Note To My Successor
(2 of 3)
A second cloud over the ministry has formed from various accounts that police vehicles were used in the killings of lawyers defending Saddam Hussein's lieutenants in the current trial. Two eyewitnesses who told friends they saw Ministry of Interior vehicles take lawyer Saadoun al-Janabi from his office on Oct. 20 before he was discovered dead have themselves been killed. (One witness was shot just last week while taking his pregnant wife to a Baghdad hospital; TIME had been trying to reach him to have him relate what he saw.) "All fingers point to the Ministry of Interior," insists Saddam's personal lawyer Khalil al-Dulaimi, "its militias and Iranian intelligence." While al-Jaafari conceded that a corrupt Interior official could have been bribed to carry out the killings, he says the likely culprits are ex-Baathists and "those who want to disrupt the political process." An ex-Baathist field commander says his group wouldn't target Saddam's attorneys. "These people are doing their duty defending any accused," says the leader of the insurgent al-Tamimi brigade of Jaish Mohammed.
The Iraqi Bar Association is convinced that the police are not doing enough to investigate the crimes and has ordered the Saddam defense team to cut off contact with the court until the killers of the lawyers are found, a decision that could further delay the tribunal when it reconvenes on Nov. 28. Procedures would require the court to appoint new counsel, causing another 40-day stay for the difficult discovery process (see following story).
During the course of his nine-month term, al-Jaafari, by his own admission, has acted less like a strong-arming leader and more a playground monitor. Still, he is proud of negotiating to get more representatives of the large Sunni minority, which dominated Iraqi politics under Saddam, into the Cabinet. Al-Jaafari also pushed to bring in Sunnis to help write the constitution. While al-Jaafari stops short of welcoming Baathists back into the government, his actions, say Western diplomats, have brought Sunni politicians into the fold and may reap benefits including broader participation in the Dec. 15 elections. But each step, al-Jaafari says, is a huge exercise.

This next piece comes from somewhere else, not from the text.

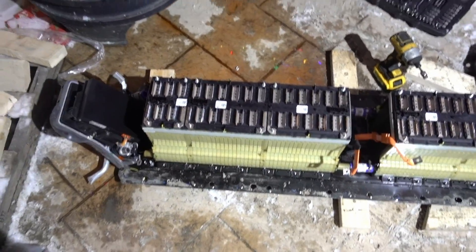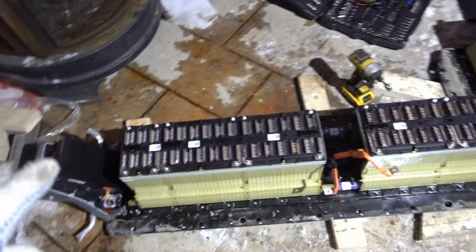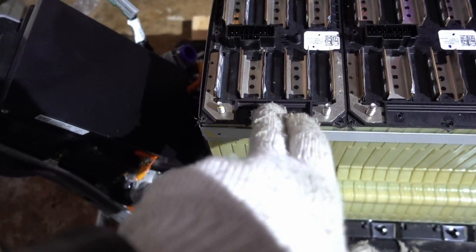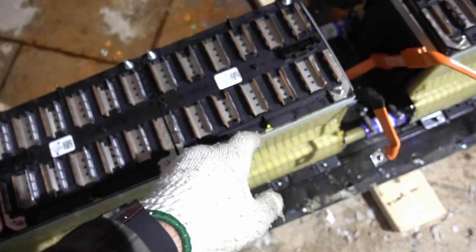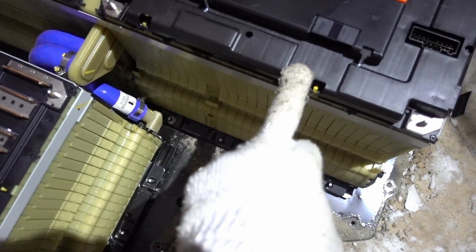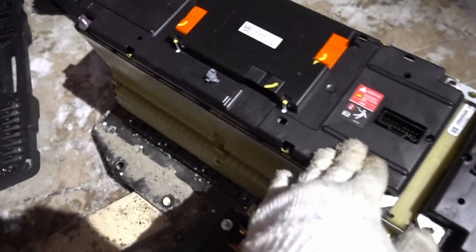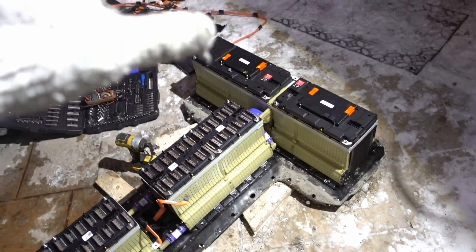I made a big mess — coolant all over my front entrance. But so far what I see I like: the voltage seems very good on these cells. We've got 24-volt cells at 6S and 48-volt cells at 12S. Running through the pack: 48V 12S, 48V 12S, 48V 12S, 24V 6S, 48V 12S, 48V 12S.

He is almost plaintive as he pleads for patience with Iraq's fledgling democracy. Last week he showed off a gift he received from President George W. Bush, a gold-foil-covered box containing a worn, leather-bound 19th century copy of the Federalist papers. Al-Jaafari has read the book in translation and cites the extensive debates over the ratification of the U.S. Constitution as a reason that the Iraqi democracy should not be rushed. When Secretary of State Condoleezza Rice visited on Nov. 11, he told her he didn't want to have to "start at the beginning, but we can't start at the end."